#### Information shown

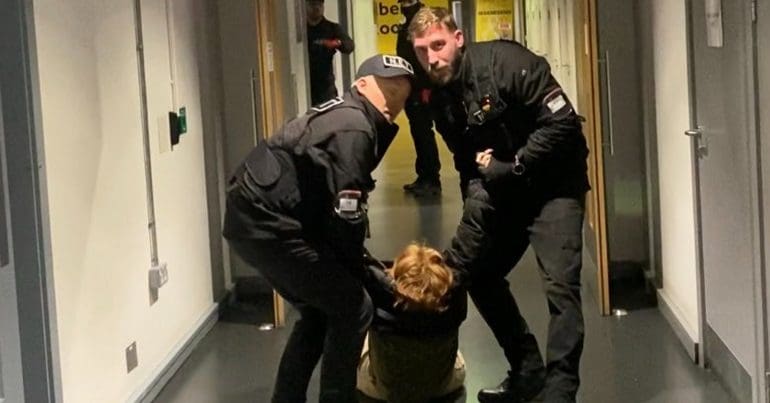 Security removing a student at universities of manchester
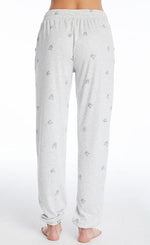 Load image into Gallery viewer, Back bottom half view of a woman wearing the PJ Salvage Lily Rose Banded Pant. The banded pant is a heathered light grey with tiny french bulldog faces printed on it in black.
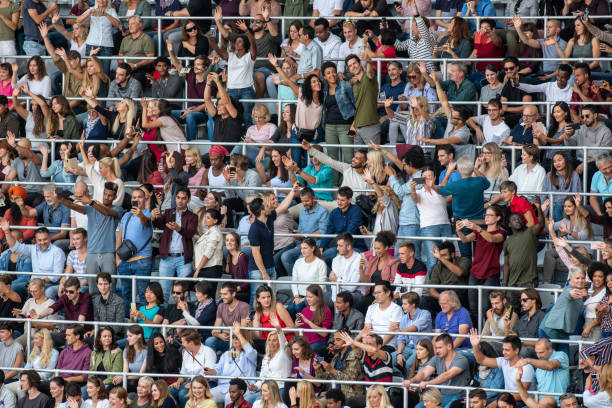 istock Group of spectators cheering in stadium 1129607870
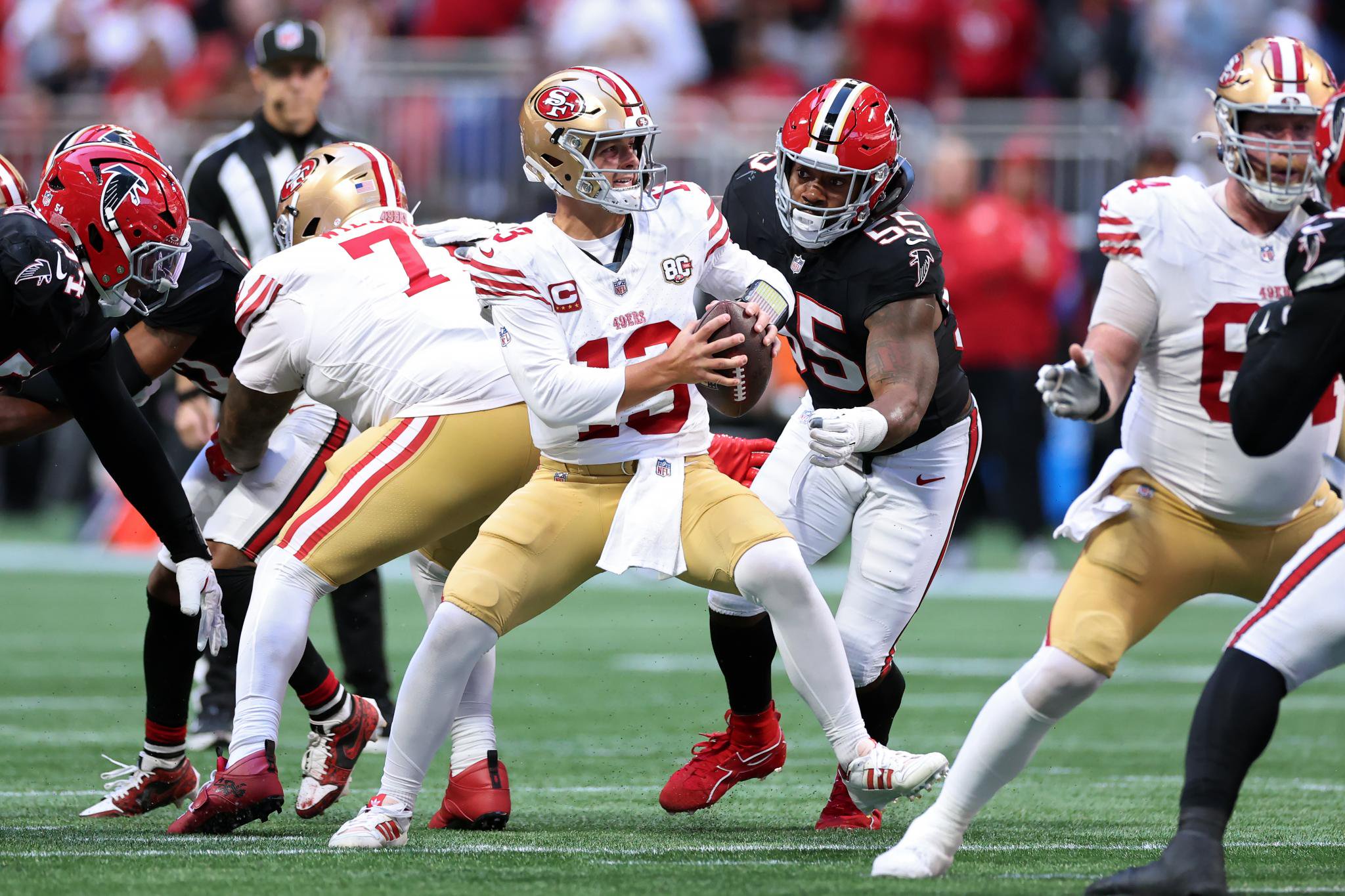 San Francisco 49ers quarterback Brock Purdy scrambles with the ball under pressure from Atlanta Falcons linebacker Za'Darius Smith.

########

Work required => Copy the listing above in full and exactly, but omit each picture that it holds.

Response to the exercise =>
 Security removing a student at universities of manchester
 Load image into Gallery viewer, Back bottom half view of a woman wearing the PJ Salvage Lily Rose Banded Pant. The banded pant is a heathered light grey with tiny french bulldog faces printed on it in black.
 istock Group of spectators cheering in stadium 1129607870
 San Francisco 49ers quarterback Brock Purdy scrambles with the ball under pressure from Atlanta Falcons linebacker Za'Darius Smith.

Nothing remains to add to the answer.